__Exercise details__. Each entry below should be written out exactly as it is, with no pictures.

__Records provided__.
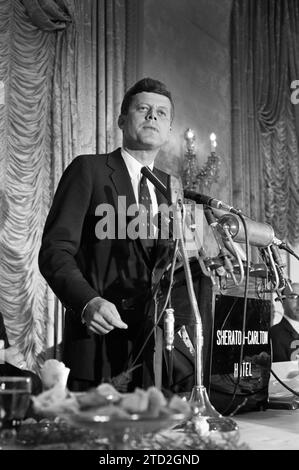 Il senatore degli Stati Uniti John F. Kennedy parla a pranzo dove ha tenuto un discorso a sostegno dell'assistenza alle nazioni africane, Sheraton Carlton Hotel, Washington, D.C., USA, Marion S. Trikosko, U.S. News & World Report Magazine Photography Collection, 27 giugno 1960 Foto Stock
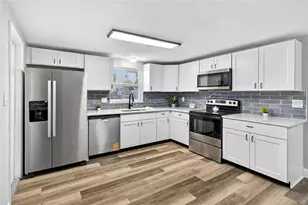 10933 Premier Ave, Port Richey, FL 34668 - Photo 3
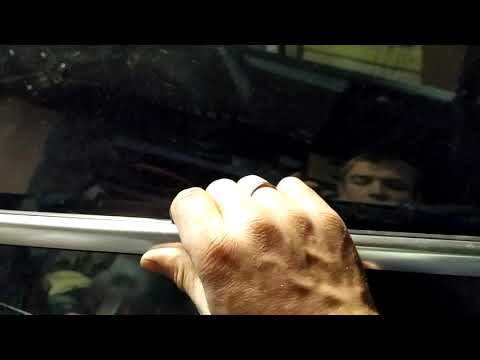 Видео: VW Jetta 2012г.в(фольцваген джетта)как разобрать заднюю дверь,снять карточку двери,витягываем стекло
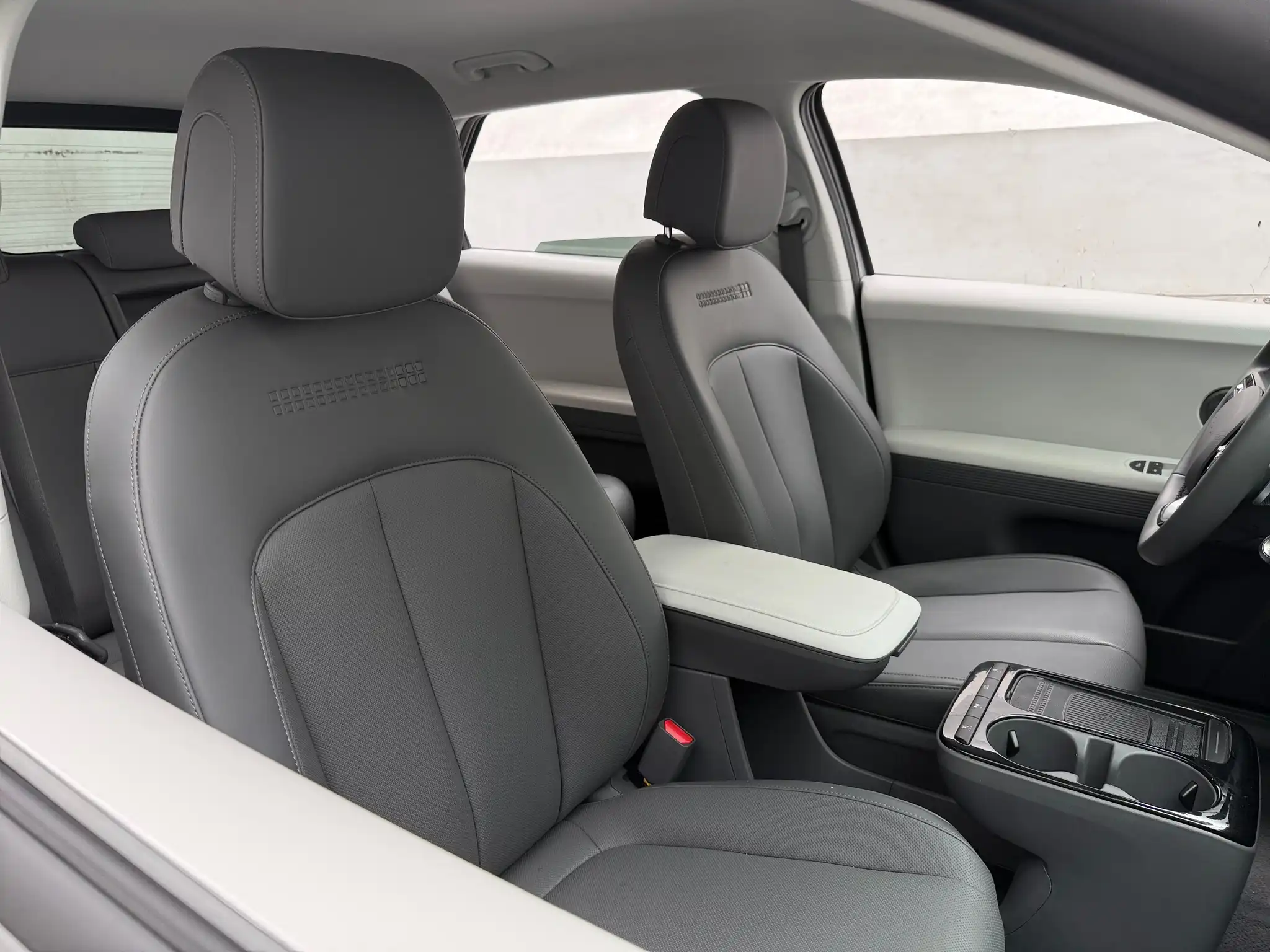 2026 Hyundai Ioniq 5 SEL RWD's photo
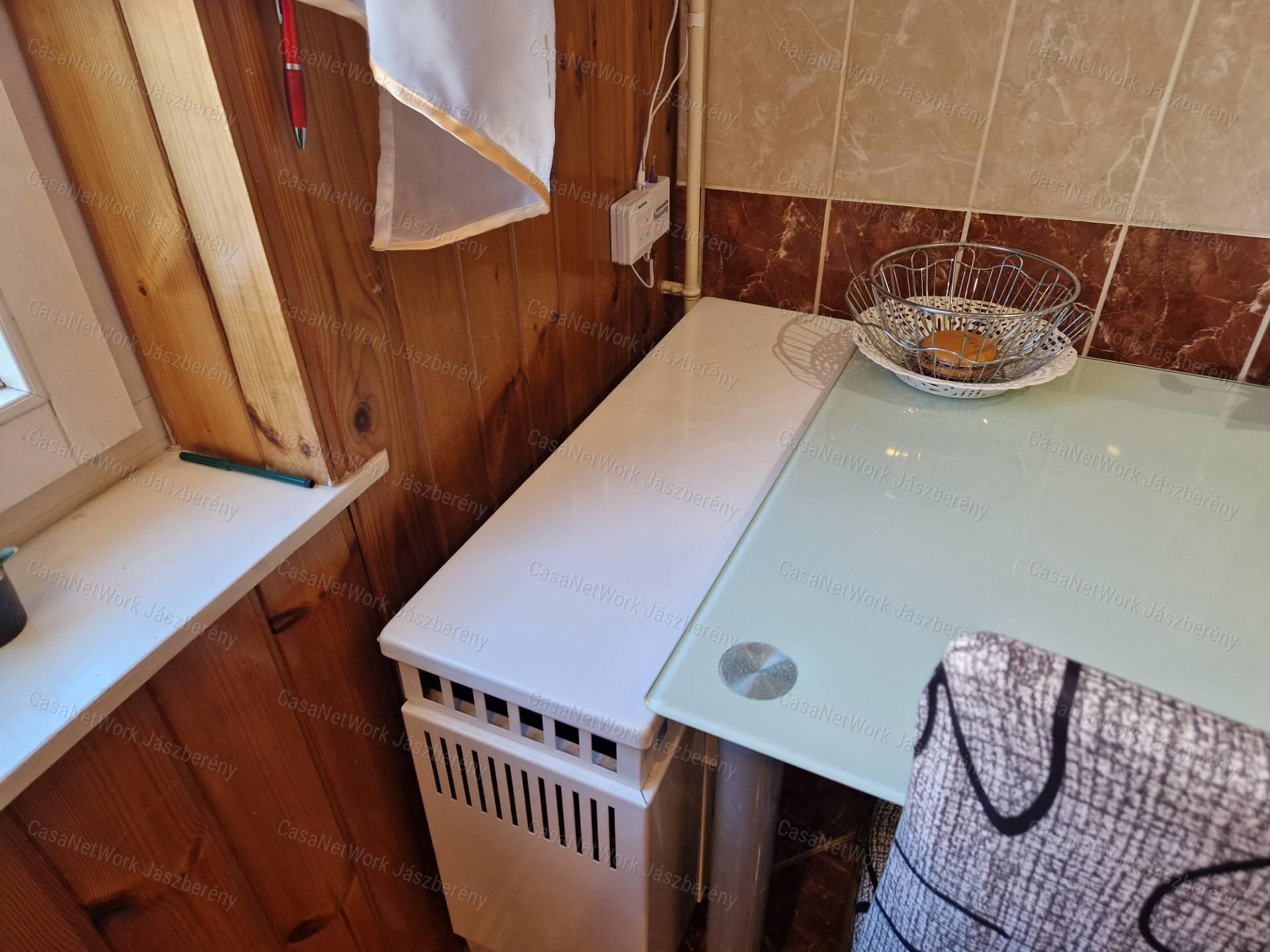 Jászapátin 200 nm-es telken, 55 nm-es, 2 szobás családi ház eladó!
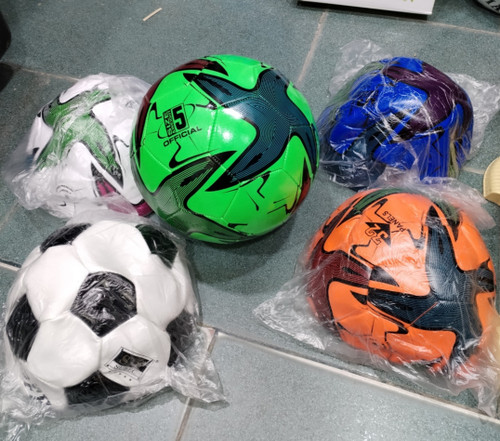 توپ فوتبال آفیکال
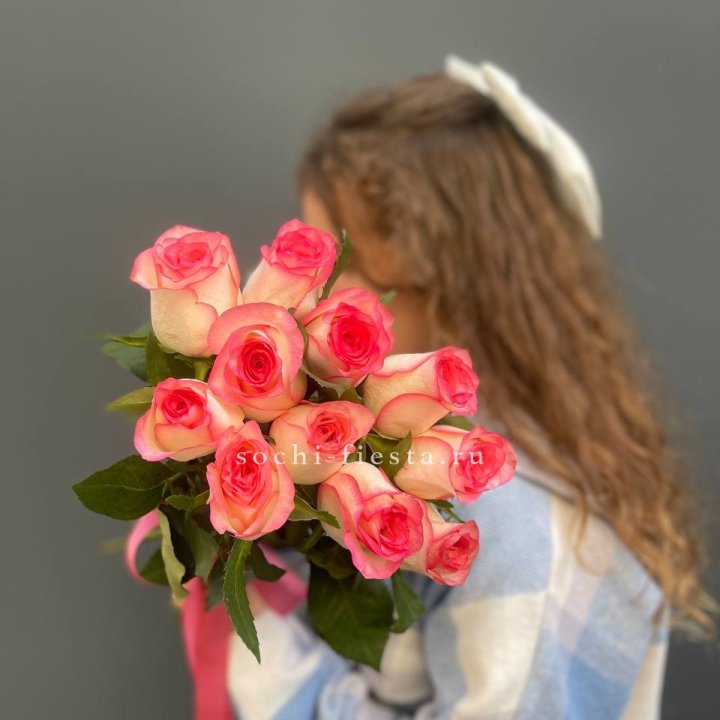 11 роз "Джумилия" в Барнауле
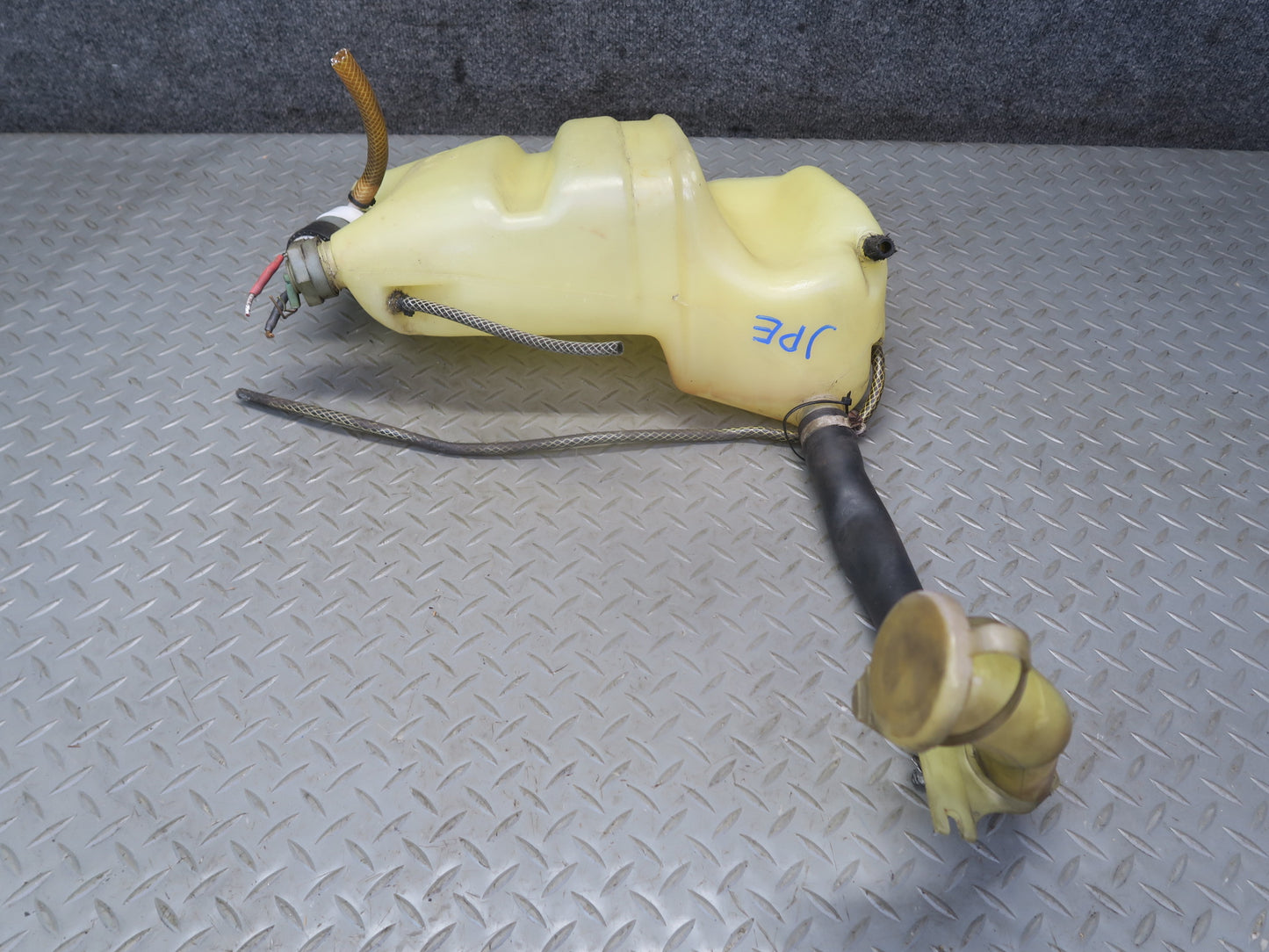 1984-1986 Porsche 928 Windshield Washer Fluid Reservoir Tank w Pump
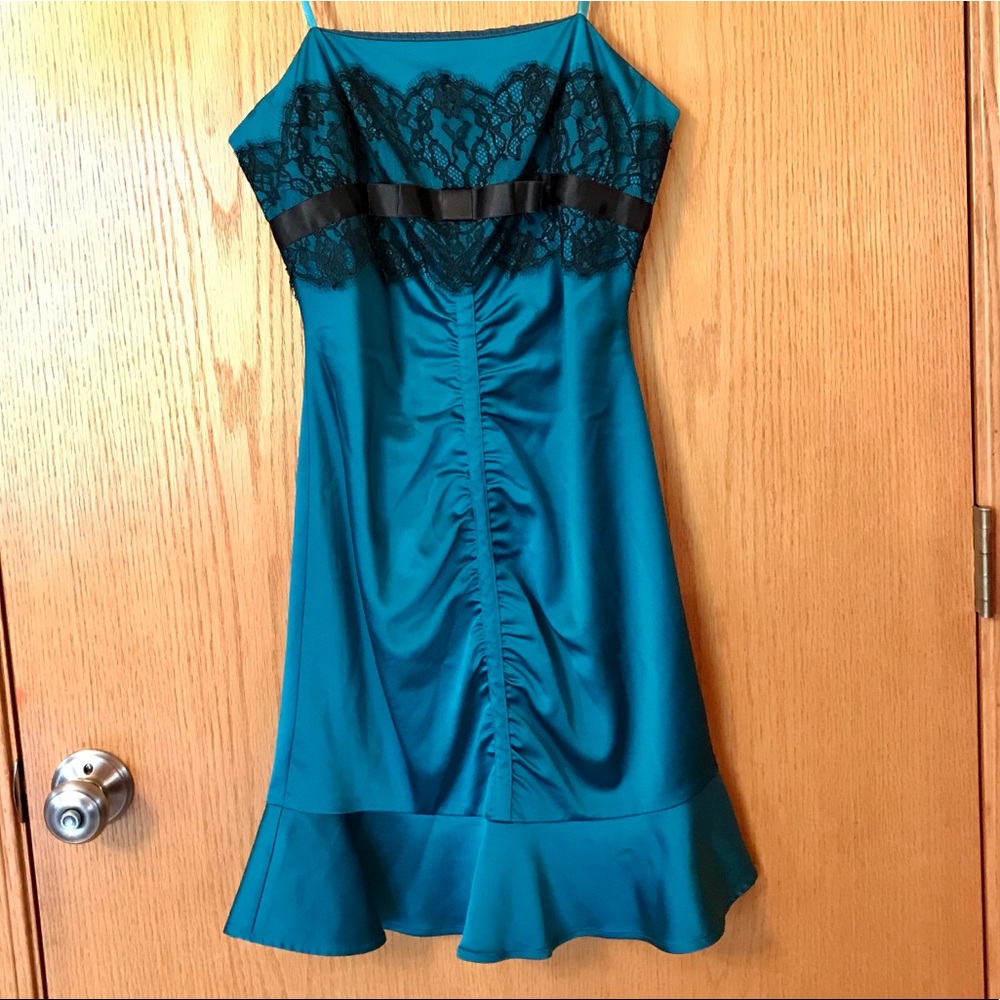 BCBGMaxAzria turquoise strapless stretch dress
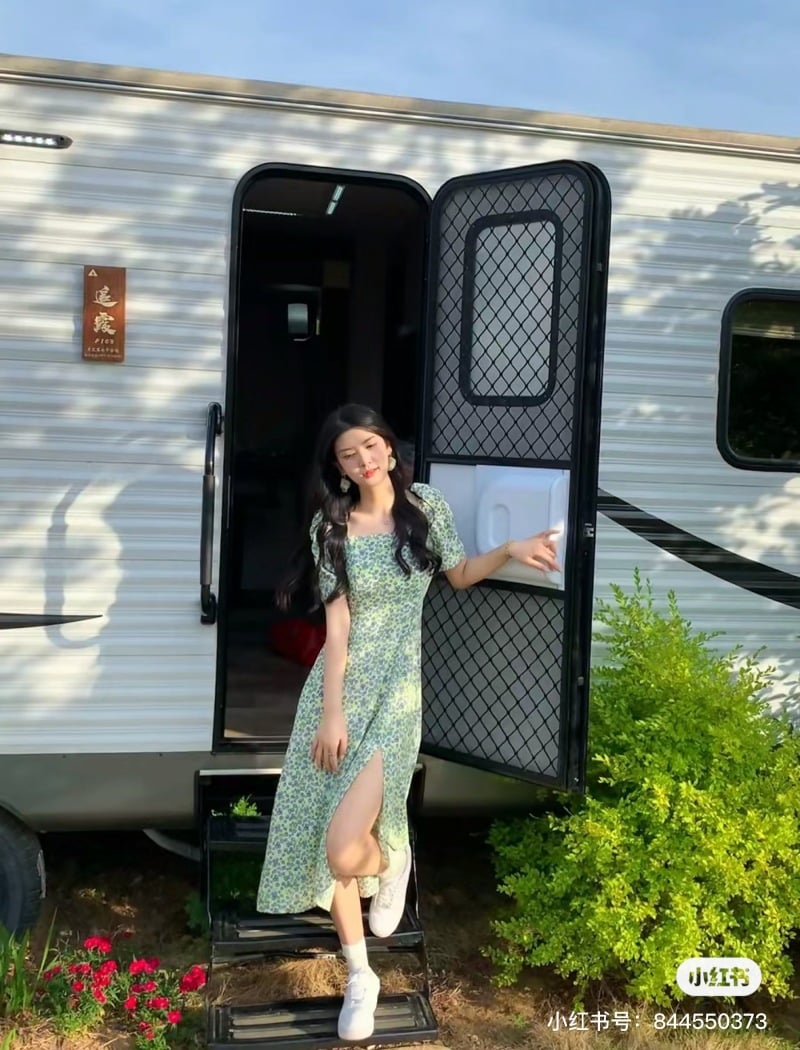 Váy hoa đi giày thể thao Váy hoa đi giày thể thao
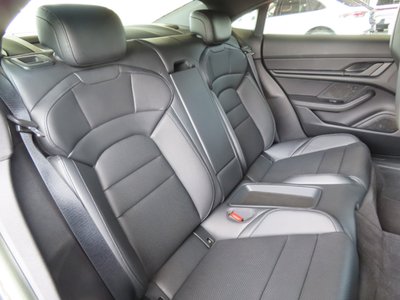 2023 Porsche TAYCAN — миниатюра 12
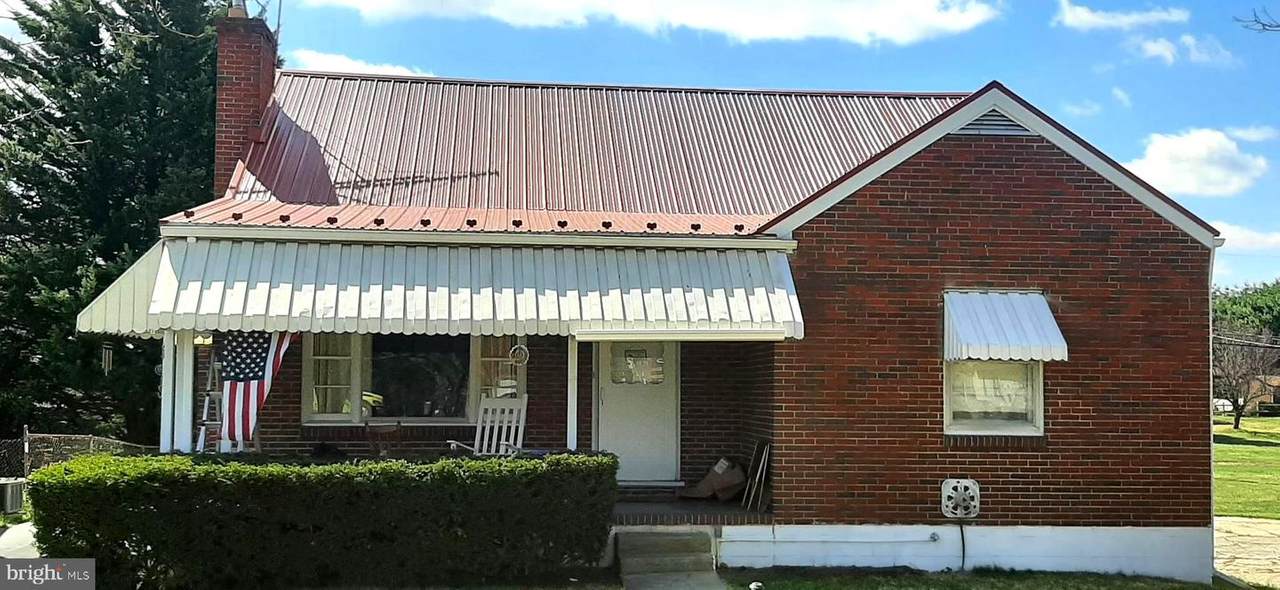 1613 Dual Highway - Photo 1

__Answer space__.
 Il senatore degli Stati Uniti John F. Kennedy parla a pranzo dove ha tenuto un discorso a sostegno dell'assistenza alle nazioni africane, Sheraton Carlton Hotel, Washington, D.C., USA, Marion S. Trikosko, U.S. News & World Report Magazine Photography Collection, 27 giugno 1960 Foto Stock
 10933 Premier Ave, Port Richey, FL 34668 - Photo 3
 Видео: VW Jetta 2012г.в(фольцваген джетта)как разобрать заднюю дверь,снять карточку двери,витягываем стекло
 2026 Hyundai Ioniq 5 SEL RWD's photo
 Jászapátin 200 nm-es telken, 55 nm-es, 2 szobás családi ház eladó!
 توپ فوتبال آفیکال
 11 роз "Джумилия" в Барнауле
 1984-1986 Porsche 928 Windshield Washer Fluid Reservoir Tank w Pump
 BCBGMaxAzria turquoise strapless stretch dress
 Váy hoa đi giày thể thao Váy hoa đi giày thể thao
 2023 Porsche TAYCAN — миниатюра 12
 1613 Dual Highway - Photo 1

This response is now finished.